Data excerpts:
....

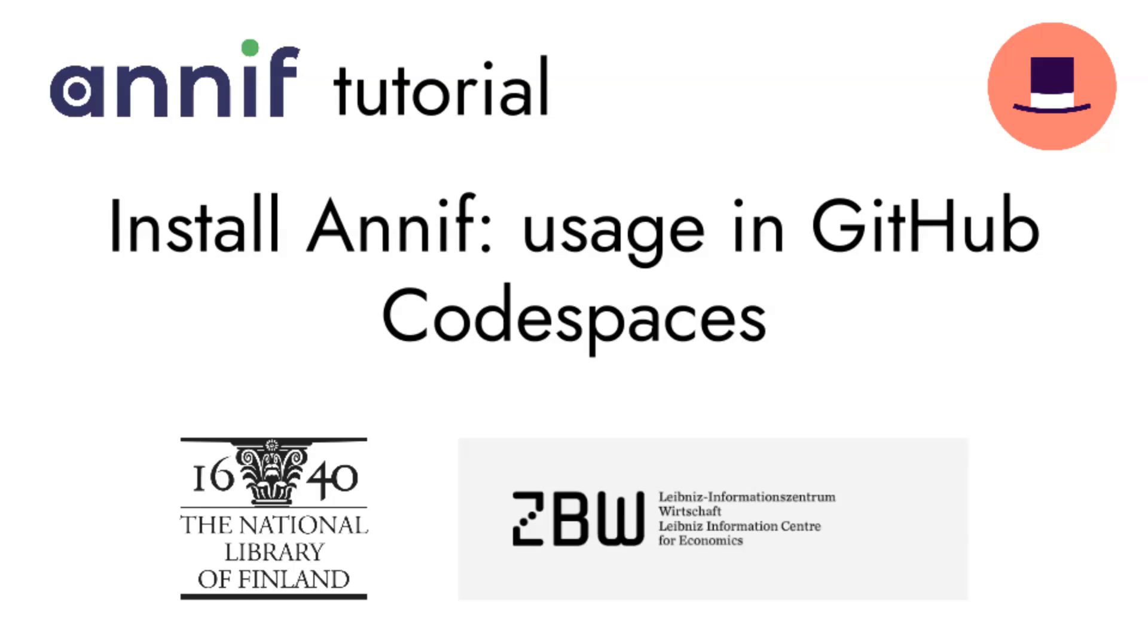Welcome to this Annif tutorial video. In this setup you will be using GitHub Codespaces. Annif will be running in a GitHub hosted machine, which you will access via a terminal in your browser. For this setup you are required to have an account on GitHub.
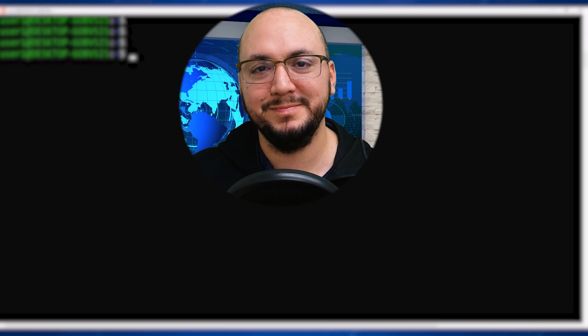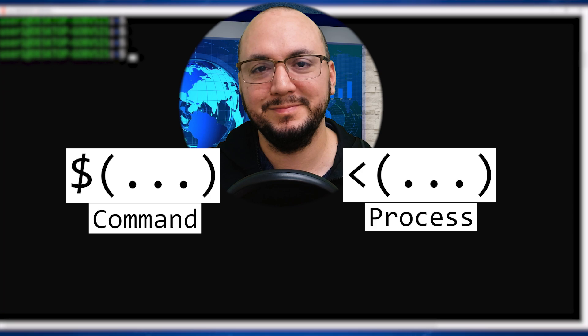Hi everyone. This Bash Quickie is going to show you the difference between command and process substitution.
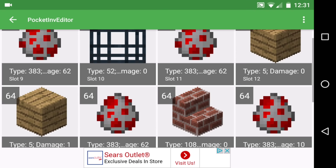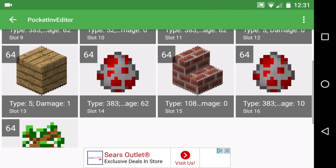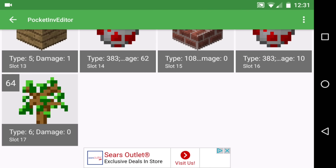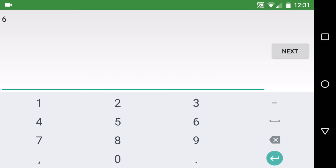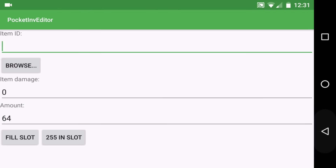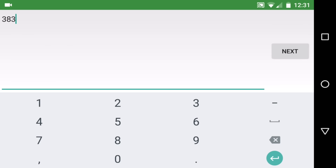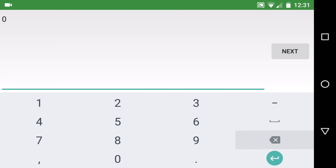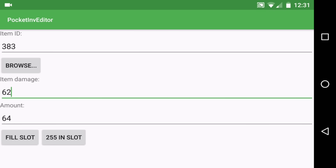Click 'Edit Inventory' and choose a block you want to replace. I want to replace the saplings, so click on the saplings. Here is the item ID — make that 383, and for item damage put 62, just like that.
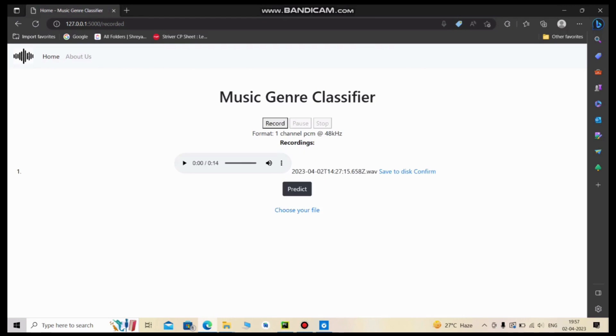We can also hear the recorded audio from this play button. Let's confirm by saving it to the static files before prediction.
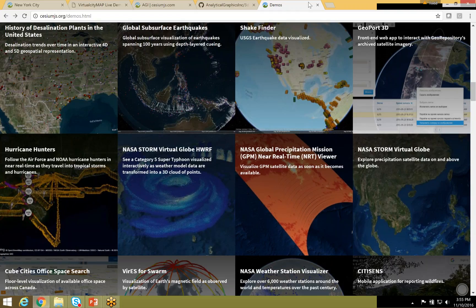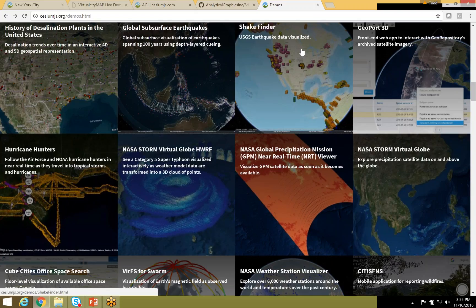Rich thanks Todd, noting the recording will be available on the ESIP YouTube channel probably the next day. Next month's talk, on the second Thursday of December, will continue the tiles theme with Mapbox presenting on vector tiles. Thanks to Todd — a great and informative presentation.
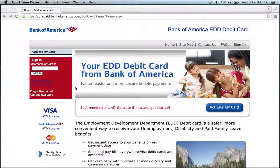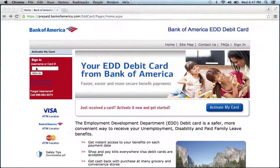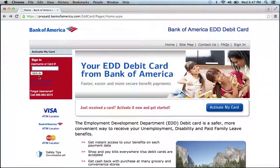To log in to your Bank of America EDD Debit Card Online Banking Account, visit their website, which can be found below this video. Once at the website, go to the Sign In section. Enter either your username or card number, then click Sign In.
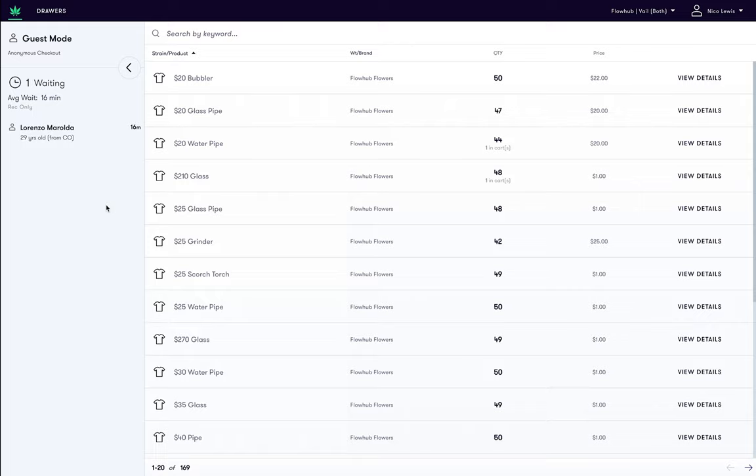For example, you can use this information to start a conversation about past products they have tried, what they liked, didn't like, and other products you can recommend based on those preferences.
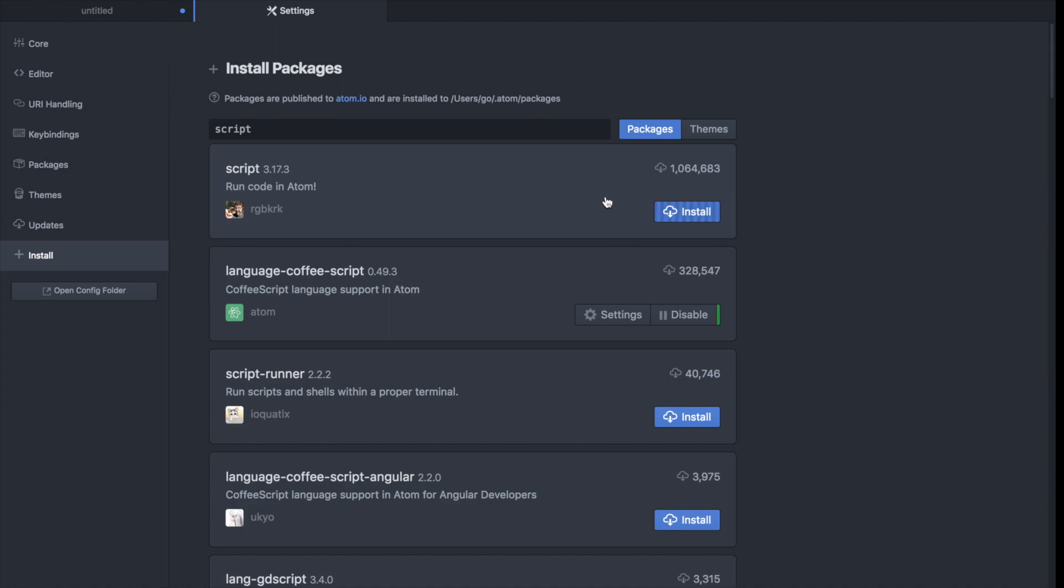So this package takes about a minute or two to download but once it's done we'll go back and run the code.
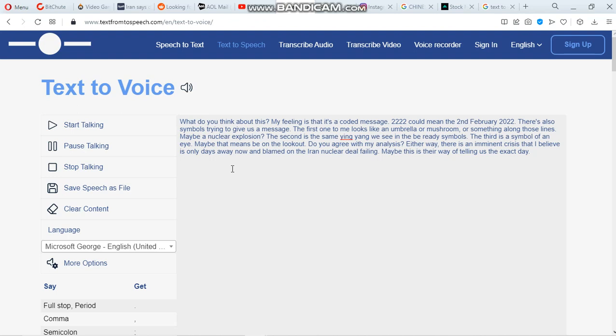Do you agree with my analysis? Either way, there is an imminent crisis that I believe is only days away now and blamed on the Iran nuclear deal failing. Maybe this is their way of telling us the exact day.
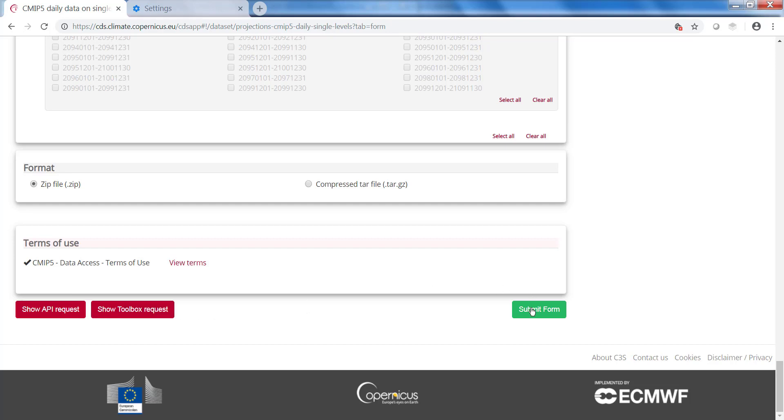Here you submit it and then later you can look at your request. How to use your request will be explained in the next video.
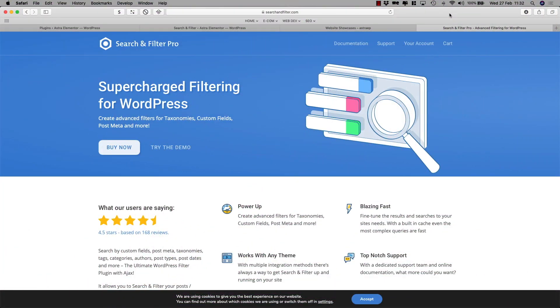Hi there. Today I'm going to show you how to create filters with Search and Filter Pro.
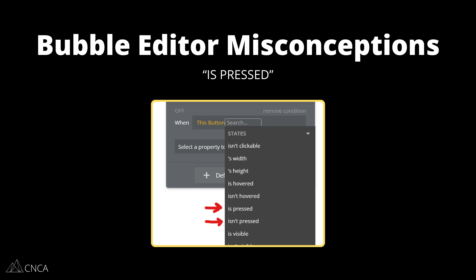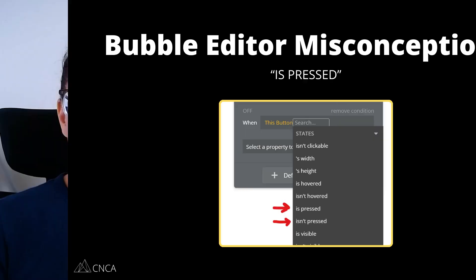'Is pressed' is a yes or no value that literally means it is currently being pressed. 'Is pressed' is not the same as 'has been clicked.' It is only referring to, in the moment, if that button or text is currently being pressed.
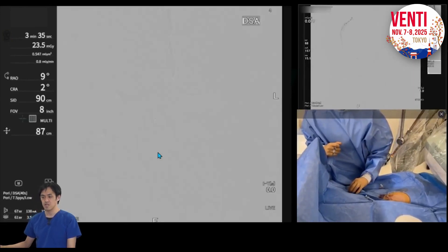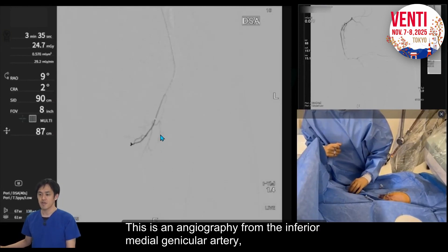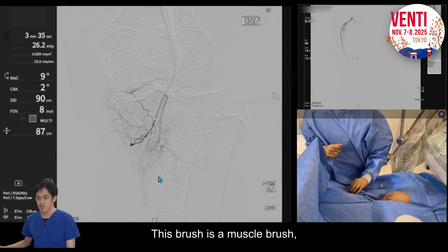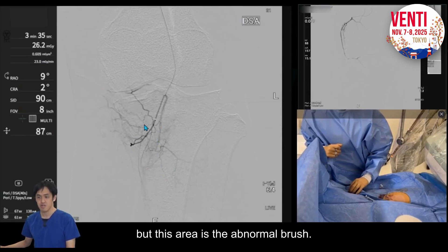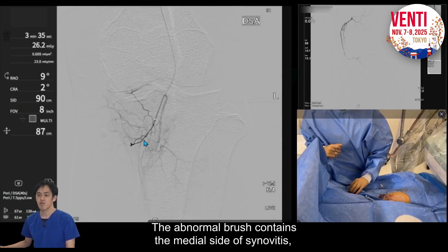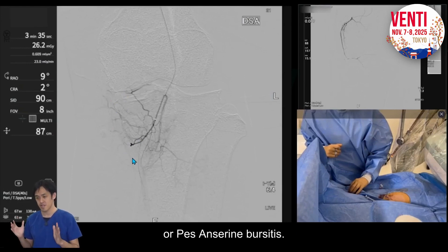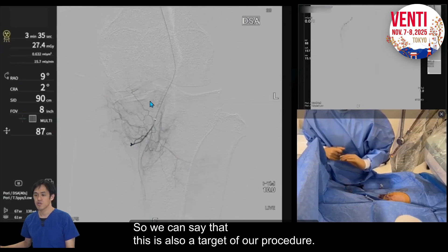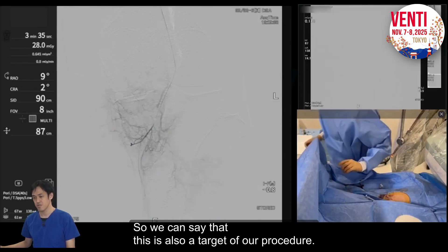This is the angiography from the inferior medial genicular artery. You can see the brush from here. Some brush is muscle brush, but this area shows abnormal brush, which must contain medial-side synovitis or pes anserine bursitis. We can say this is also a target of our procedure.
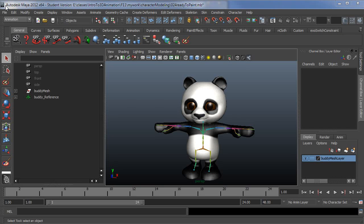This is the sixth video in a series on setting up a character to use the human IK system in Maya 2012.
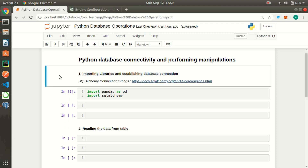Let us first establish the connection between our database and Python. I'm going to use the SQLAlchemy library, which is a Python SQL toolkit and also an object relational mapper. This basically gives application developers the power and flexibility of using SQL. Connection string is a string that specifies information about the data source and how we can connect to it.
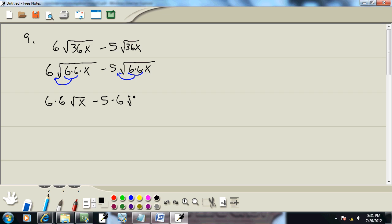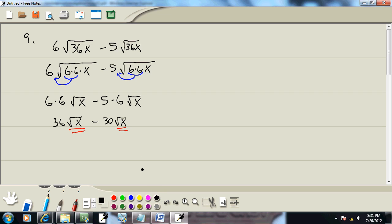6 times 6 is 36√x, minus 5 times 6 is 30√x. Now we combine the like items. No matter what the radical looks like, if they're the same, you add or subtract the numbers that are out in front. 36 minus 30 gives us 6√x.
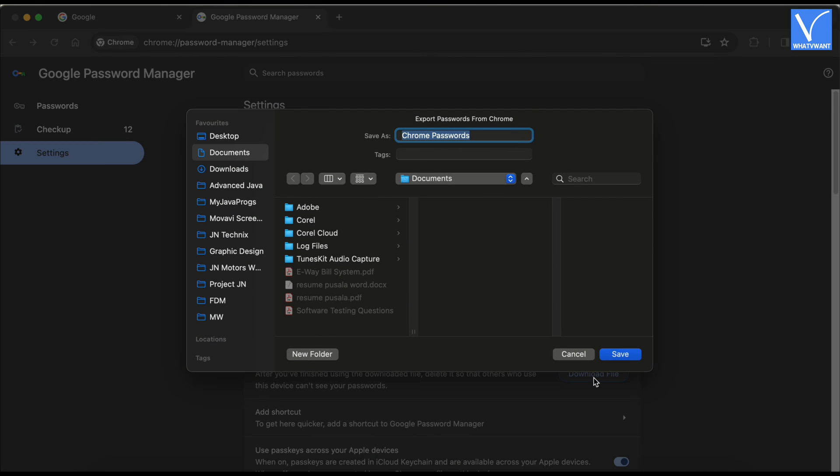Then a window will pop up and allow you to choose the destination to save the passwords file. After choosing the destination, click on the save option.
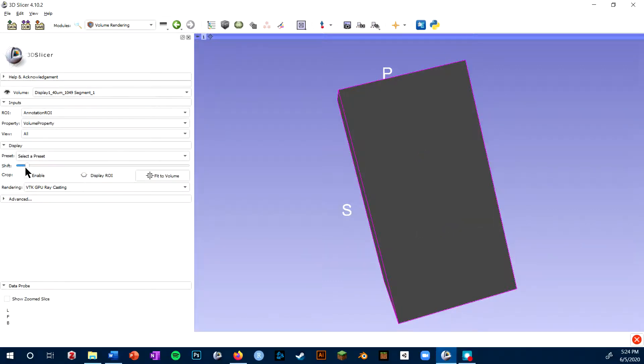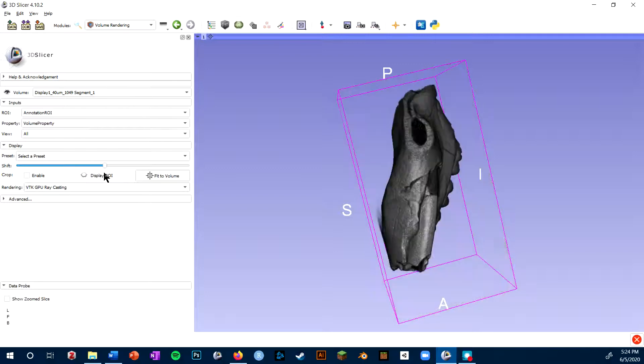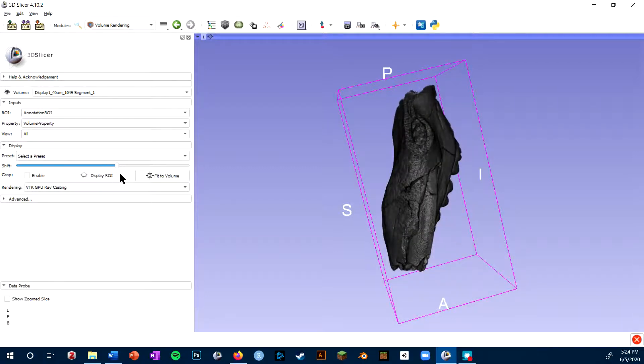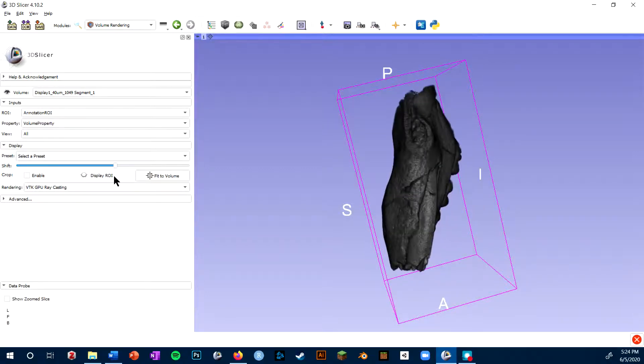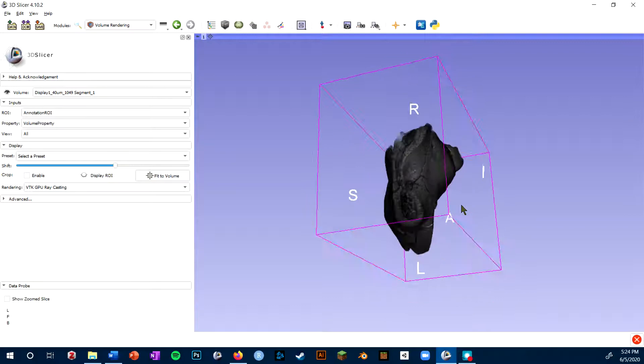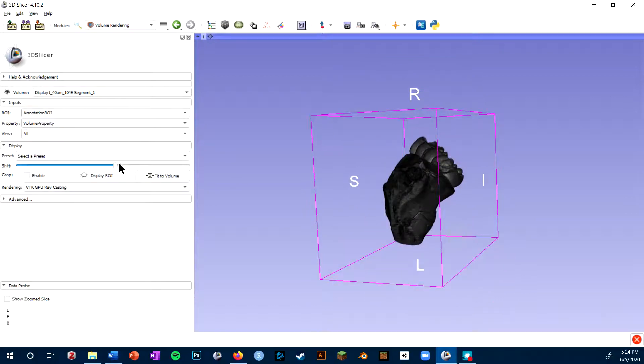However, as I start to shift it up, the air will no longer be rendered. And then as I shift it up even further, even the matrix and then the fossil itself will stop being rendered.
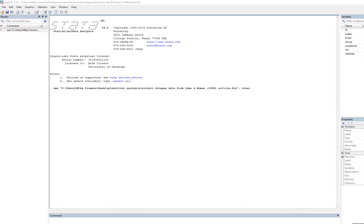This is the first video of a series related to survival analysis using STATA. The example comes from a 1998 article by Luke and Homan, a site bulletin article demonstrating various survival analysis approaches. The data itself is fictional, as is the scenario, but it does a good job of mimicking an example in which someone might choose to utilize survival analysis.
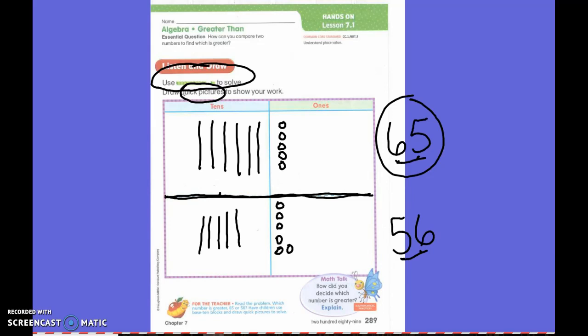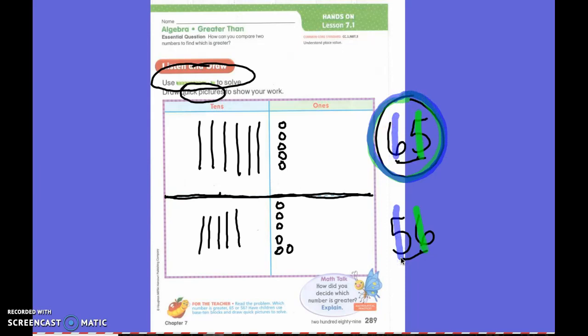Did we compare the ones place? No. When we find the greater number, we always look at the tens place first. We always compare the tens place first. Which tens place digit is bigger, the six or the five? Six. So that makes 65 bigger than 56.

....

Instructions for the copy: start at the first entry, stop after the line containing "We can also", keep every line exact, and drop the pictures.

Welcome to this Annif tutorial video. In this setup you will be using GitHub Codespaces. Annif will be running in a GitHub hosted machine, which you will access via a terminal in your browser. For this setup you are required to have an account on GitHub.
Hi everyone. This Bash Quickie is going to show you the difference between command and process substitution.
Click 'Edit Inventory' and choose a block you want to replace. I want to replace the saplings, so click on the saplings. Here is the item ID — make that 383, and for item damage put 62, just like that.
We can also hear the recorded audio from this play button. Let's confirm by saving it to the static files before prediction.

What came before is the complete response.